Uncertain - I'm not exactly the decision-maker. But I can think of two reasons:

1) They say that earnings will come out at a certain time, so they better be out at that time or else the SEC comes after them. If they just posted earnings as coming out at say 12:00:30 instead of 12:00:00, that just shifts the problem 30 seconds later.

2) The bots will just run for an extra 30 seconds, and will still have the advantage over ordinary people.

(Something I'm not clear on: regular Google - and Hacker News, for that matter - will sometimes just make a user's connection slower if they repeatedly hit it with traffic. Why not use that on bots that hammer the investor relations site? It completely disincentivizes these bots if the 100 requests you made at 11:58:30 mean that you get stuck with a 5 minute delay and don't get the information until 12:03:30. Or maybe they do use this approach and the SRE in question just didn't bother to tell me.)

Oh, I’m sorry.
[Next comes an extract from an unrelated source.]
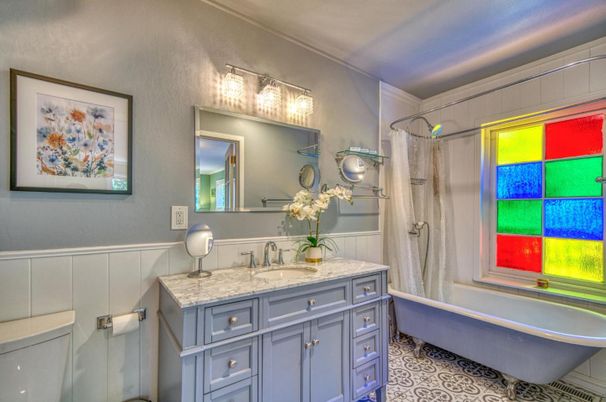 Bathroom, Free Standing Baths, Interior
I thought you were referring to the finance information on finance.google.com, not investor information about google itself.

For the latter, companies are not required to release reports on their website in a timely manner. That’s what EDGAR is for.
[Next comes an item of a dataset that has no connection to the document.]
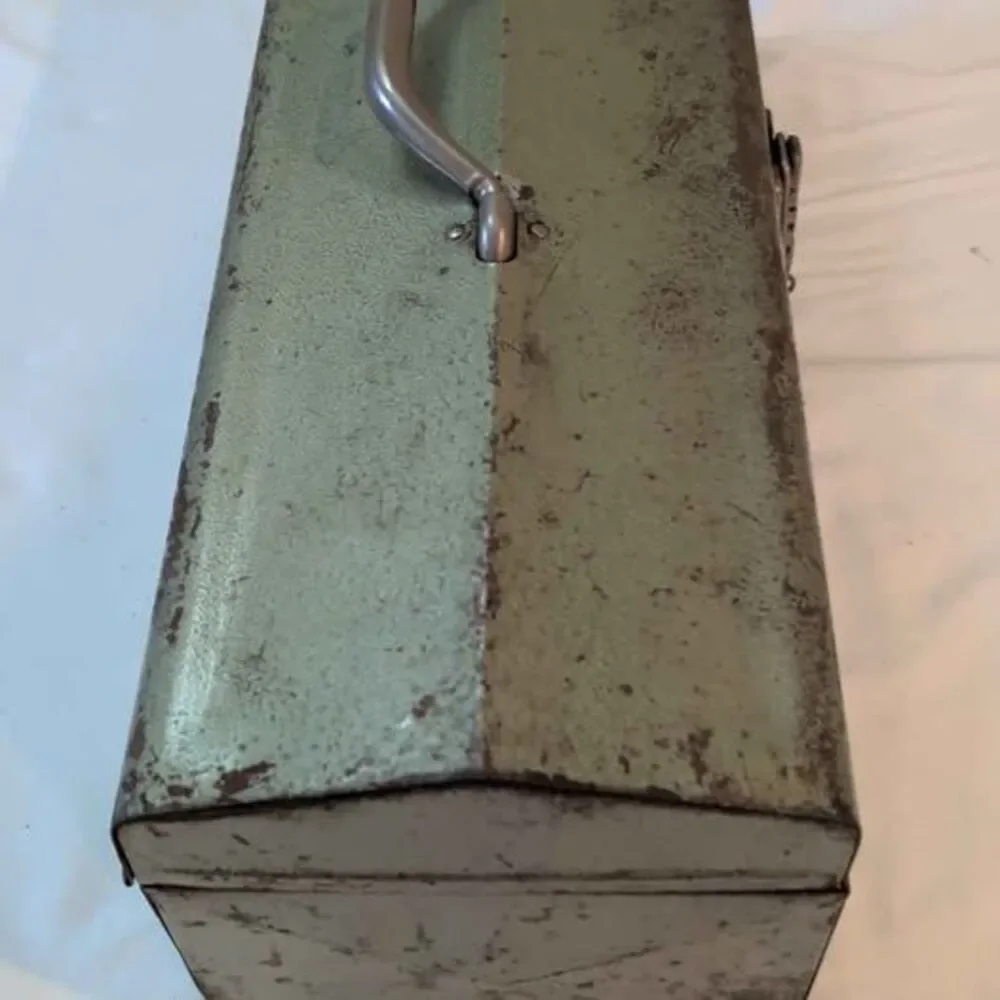 Vintage Porter Handy Tool Box 20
Accessors who really care would just hit it from multiple IP's? And keep adding distributed IP's until they got what they wanted.
There's nothing you can do to eliminate the high speed trading case short of outlawing automated trading. As long as computers can trade, they'll compete on speed and nothing you do can prevent that. You could forcibly slow down trades to 1 a minute, and you'll still have bots competing on speed to be the first trade each minute and they'll still beat humans.